In total, the amount of swearing has fallen by 27.6 per cent, from 1,822 words per million in 1994 to 1,320 words per million in 2014.
Britons’ use of swear words has declined by more than a quarter since the 1990s, a new study has found. Pictured above were the 16 most used swear words by Britons in 1994 and 2014
The research also suggests the word ‘f***’ has overtaken ‘b***dy’ as the most popular curse in the UK (stock image)
HOW THE USE OF SWEAR WORDS HAS CHANGED BETWEEN THE 1990s AND 2010s
The 16 most used swear words by Britons, both in 1994 and 2014:
The study, which was carried out by Dr Robbie Love of Aston University, looked at how swearing has changed in casual British English conversation over the past three decades.
Dr Love used two large bodies of transcriptions: the Spoken British National Corpus gathered in 1994 and the same corpus from 2014.
Together these include over 15 million words, although swear words account for less than 1 per cent.
The research showed that the type of swear words used has changed over the years, with ‘b****y’ being the most common in the 1990s and ‘f***’ in the 2010s.
This is down to a big decline in the use of ‘b****y’, Dr Love found, while ‘f***’ has remained relatively steady.
It was the second most commonly used swear word in 1994, followed by s**t, p***, b****r and c**p.
Twenty years later b****r had fallen from the fifth most common curse to the ninth, while b*****d dropped from seventh to 10th.
The big climbers are s**t, from third to second, a**e, from eighth to sixth and d***, from tenth to seventh.
T**t also rose from the 16th most common swear word in the 1990s to 13th by the 2010s.
Dr Love then analysed demographics and discovered that, although swearing is more common in men than women, the difference between the genders has decreased notably from 2.33 times more frequent in men in 1994 to 1.68 times in 2014.
Another change concerned how much people swear as they age. In both data sets, swearing is most common among people in their 20s, and then declines with age.
Research by Dr Robbie Love of Aston University found the amount of swearing has fallen by 27.6 per cent, from 1,822 words per million in 1994 to 1,320 words per million in 2014 (stock)
However, the decline was less steep in the 2010s, suggesting that people continue swearing later in life more than they did in the 1990s.
‘Swearing occurs in all walks of life and is an everyday part of conversation for many people,’ said Dr Love.
‘Despite this, it is relatively under-researched precisely because it is considered to be taboo.’
He added: ‘Swearing performs many social functions including conveying abuse and humour, expressing emotion, creating social bonds, and constructing identity.

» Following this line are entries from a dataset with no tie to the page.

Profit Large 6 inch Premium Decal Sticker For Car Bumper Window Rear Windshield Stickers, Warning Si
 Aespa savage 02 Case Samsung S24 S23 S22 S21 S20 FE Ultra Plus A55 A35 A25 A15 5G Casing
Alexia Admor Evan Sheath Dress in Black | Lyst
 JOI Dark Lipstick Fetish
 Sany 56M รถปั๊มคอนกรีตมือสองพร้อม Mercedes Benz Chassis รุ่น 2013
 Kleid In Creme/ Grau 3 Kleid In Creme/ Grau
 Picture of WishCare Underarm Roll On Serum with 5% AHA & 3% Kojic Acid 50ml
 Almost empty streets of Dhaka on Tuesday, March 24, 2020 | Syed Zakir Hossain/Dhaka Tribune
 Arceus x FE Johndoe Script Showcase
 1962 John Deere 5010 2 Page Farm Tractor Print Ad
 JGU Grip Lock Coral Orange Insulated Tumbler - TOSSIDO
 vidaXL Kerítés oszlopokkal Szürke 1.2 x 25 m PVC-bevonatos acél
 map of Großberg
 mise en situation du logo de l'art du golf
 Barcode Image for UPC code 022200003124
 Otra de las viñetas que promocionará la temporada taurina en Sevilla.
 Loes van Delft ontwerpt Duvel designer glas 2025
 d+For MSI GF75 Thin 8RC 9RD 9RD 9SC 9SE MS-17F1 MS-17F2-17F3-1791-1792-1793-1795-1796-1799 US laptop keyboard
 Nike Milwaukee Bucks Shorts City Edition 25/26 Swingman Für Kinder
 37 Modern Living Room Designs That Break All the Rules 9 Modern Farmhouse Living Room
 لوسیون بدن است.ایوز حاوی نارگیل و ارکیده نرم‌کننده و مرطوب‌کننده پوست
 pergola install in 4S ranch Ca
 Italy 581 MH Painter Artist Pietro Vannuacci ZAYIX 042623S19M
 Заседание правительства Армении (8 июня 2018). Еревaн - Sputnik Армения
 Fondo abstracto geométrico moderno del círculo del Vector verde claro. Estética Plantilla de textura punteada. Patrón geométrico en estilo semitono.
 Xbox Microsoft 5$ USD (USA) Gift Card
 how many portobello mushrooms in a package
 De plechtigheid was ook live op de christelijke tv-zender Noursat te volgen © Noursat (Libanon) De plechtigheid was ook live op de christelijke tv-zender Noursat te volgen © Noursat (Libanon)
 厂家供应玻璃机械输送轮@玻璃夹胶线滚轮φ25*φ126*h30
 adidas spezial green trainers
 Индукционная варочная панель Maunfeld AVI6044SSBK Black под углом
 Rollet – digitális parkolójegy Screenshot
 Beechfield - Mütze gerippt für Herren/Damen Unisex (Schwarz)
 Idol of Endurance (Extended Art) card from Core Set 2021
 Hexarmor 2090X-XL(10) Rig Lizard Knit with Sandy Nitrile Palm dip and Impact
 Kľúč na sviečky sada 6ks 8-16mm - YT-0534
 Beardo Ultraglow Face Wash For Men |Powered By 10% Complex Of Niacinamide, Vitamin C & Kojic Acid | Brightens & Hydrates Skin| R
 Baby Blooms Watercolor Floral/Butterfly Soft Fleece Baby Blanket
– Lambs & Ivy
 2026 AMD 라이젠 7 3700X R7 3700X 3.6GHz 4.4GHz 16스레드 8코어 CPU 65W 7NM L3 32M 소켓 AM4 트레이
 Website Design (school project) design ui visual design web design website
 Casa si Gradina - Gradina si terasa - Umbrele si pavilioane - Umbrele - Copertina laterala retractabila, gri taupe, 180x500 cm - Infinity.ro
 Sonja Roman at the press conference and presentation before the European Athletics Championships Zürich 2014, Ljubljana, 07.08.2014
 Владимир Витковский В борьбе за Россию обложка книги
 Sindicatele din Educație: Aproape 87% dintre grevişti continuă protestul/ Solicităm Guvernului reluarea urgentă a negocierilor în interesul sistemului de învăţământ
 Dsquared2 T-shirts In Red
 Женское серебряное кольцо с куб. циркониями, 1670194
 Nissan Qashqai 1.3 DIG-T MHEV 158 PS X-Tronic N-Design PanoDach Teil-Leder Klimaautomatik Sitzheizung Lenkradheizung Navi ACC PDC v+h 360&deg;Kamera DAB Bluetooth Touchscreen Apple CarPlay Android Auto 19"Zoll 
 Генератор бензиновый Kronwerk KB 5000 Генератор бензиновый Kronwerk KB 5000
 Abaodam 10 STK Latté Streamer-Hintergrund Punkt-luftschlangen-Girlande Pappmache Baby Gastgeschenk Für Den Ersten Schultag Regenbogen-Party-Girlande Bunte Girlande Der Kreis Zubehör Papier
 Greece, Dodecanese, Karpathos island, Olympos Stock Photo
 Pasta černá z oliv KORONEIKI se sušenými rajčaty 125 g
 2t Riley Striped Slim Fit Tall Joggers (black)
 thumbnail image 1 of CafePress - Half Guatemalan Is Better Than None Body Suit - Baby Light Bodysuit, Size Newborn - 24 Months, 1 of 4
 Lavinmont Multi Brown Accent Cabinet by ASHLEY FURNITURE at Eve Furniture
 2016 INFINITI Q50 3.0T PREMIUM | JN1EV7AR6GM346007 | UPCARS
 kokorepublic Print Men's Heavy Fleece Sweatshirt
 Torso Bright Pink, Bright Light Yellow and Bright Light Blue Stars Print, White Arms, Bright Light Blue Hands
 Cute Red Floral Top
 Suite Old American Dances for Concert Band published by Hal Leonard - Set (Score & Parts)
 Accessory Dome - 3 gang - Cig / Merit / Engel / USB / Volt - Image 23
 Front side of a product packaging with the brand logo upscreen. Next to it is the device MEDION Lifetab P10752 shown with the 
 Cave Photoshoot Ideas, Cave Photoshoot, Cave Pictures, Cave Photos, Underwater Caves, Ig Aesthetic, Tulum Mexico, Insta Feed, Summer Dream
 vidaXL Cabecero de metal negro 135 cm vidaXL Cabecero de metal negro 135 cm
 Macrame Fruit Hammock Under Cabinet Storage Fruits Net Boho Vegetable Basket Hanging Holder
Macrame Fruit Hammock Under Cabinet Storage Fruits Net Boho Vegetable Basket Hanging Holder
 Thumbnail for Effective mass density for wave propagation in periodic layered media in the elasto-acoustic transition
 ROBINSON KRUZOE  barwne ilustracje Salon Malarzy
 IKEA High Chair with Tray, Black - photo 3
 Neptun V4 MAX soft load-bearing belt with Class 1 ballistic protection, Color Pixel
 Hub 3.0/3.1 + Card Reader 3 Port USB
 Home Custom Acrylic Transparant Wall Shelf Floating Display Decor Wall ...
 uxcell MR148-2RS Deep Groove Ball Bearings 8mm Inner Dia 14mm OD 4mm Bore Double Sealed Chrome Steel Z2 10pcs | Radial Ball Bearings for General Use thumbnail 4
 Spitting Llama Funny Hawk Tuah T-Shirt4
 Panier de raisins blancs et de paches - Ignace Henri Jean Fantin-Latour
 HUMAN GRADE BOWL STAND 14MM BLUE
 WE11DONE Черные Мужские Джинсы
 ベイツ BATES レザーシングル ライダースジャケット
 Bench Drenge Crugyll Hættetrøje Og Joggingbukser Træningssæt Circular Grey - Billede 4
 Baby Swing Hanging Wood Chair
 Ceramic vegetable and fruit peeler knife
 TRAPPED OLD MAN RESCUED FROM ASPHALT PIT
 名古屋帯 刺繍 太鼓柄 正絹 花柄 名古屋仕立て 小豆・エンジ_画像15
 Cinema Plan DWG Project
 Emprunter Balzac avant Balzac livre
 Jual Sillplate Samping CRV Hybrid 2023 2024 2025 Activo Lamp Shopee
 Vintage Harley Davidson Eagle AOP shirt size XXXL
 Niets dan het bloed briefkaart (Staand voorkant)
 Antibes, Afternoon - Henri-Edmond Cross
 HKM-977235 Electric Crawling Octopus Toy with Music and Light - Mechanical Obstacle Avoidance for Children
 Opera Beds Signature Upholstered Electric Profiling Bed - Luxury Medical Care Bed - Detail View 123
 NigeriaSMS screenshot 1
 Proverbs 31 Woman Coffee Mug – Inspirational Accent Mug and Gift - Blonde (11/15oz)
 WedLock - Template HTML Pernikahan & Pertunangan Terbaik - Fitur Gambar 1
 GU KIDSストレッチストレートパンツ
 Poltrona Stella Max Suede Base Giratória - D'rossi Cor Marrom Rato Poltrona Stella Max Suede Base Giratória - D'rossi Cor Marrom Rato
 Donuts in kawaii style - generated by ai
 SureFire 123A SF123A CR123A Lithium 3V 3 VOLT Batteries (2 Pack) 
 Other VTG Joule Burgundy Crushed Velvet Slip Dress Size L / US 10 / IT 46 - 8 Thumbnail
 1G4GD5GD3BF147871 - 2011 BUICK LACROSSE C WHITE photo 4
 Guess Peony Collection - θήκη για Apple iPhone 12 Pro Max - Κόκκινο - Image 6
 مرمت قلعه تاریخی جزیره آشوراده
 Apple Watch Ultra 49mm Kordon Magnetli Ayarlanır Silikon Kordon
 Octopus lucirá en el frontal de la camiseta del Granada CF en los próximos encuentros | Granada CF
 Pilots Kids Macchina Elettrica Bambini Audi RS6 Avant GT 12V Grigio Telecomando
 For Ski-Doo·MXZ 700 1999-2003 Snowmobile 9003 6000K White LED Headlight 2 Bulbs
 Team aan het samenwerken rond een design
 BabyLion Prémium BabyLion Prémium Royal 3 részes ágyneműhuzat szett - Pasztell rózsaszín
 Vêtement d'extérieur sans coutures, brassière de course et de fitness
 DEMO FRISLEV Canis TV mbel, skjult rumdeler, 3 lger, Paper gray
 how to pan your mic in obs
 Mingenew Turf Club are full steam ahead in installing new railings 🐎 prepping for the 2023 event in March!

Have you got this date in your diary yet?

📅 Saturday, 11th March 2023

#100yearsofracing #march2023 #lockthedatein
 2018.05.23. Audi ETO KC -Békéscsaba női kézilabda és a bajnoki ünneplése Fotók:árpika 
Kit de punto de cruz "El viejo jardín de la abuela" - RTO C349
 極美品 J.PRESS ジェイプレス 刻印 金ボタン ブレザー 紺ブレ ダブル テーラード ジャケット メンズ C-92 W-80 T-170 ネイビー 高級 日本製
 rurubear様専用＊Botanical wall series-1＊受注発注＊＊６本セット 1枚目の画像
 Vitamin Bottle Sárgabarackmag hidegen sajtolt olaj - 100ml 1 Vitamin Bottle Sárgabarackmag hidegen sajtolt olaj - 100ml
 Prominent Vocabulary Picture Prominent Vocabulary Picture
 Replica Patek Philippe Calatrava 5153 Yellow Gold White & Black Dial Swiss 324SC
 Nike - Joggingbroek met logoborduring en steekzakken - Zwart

‘The strong social conditioning around swear words makes them more psychologically arousing and more memorable than other words, and something different happens in the brain when saying them compared to euphemistic equivalents, such as saying “f***” compared to “the f-word”.
‘This research reinforces the view that swearing plays a part in our conversational repertoire and performs useful functions in everyday life.’
The study is published in De Gruyter’s Text & Talk: An Interdisciplinary Journal of Language, Discourse & Communication Studies.
IS SWEARING A SIGN OF INTELLIGENCE?
Research in 2014 revealed people who frequently swear are more likely to have a bigger vocabulary than their clean-tongued peers.
A colourful tongue does not mean the talker is lazy or uneducated, the study published in the Language Sciences journal found.
Instead, those who are more confident using taboo words are more articulate in other areas.
Kristin and Timothy Jay, the Massachusetts College of Liberal Arts psychologists who co-wrote the study, said it proved swearing was positively correlated with verbal fluency.
‘We cannot help but judge others on the basis of their speech,’ they wrote.
‘Unfortunately, when it comes to taboo language, it is a common assumption that people who swear frequently are lazy, do not have an adequate vocabulary, lack education, or simply cannot control themselves.’
In their conclusion, they added: ‘The overall finding of this set of studies, that taboo fluency is positively correlated with other measures of verbal fluency, undermines the [normal] view of swearing.’
A separate and unrelated study from the University of Rochester in 2017 found that intelligent people tend to swear more.
Despite this, studies have also found that the perception of people who swear often is that they are actually less intelligent and trustworthy, creating somewhat of a paradox.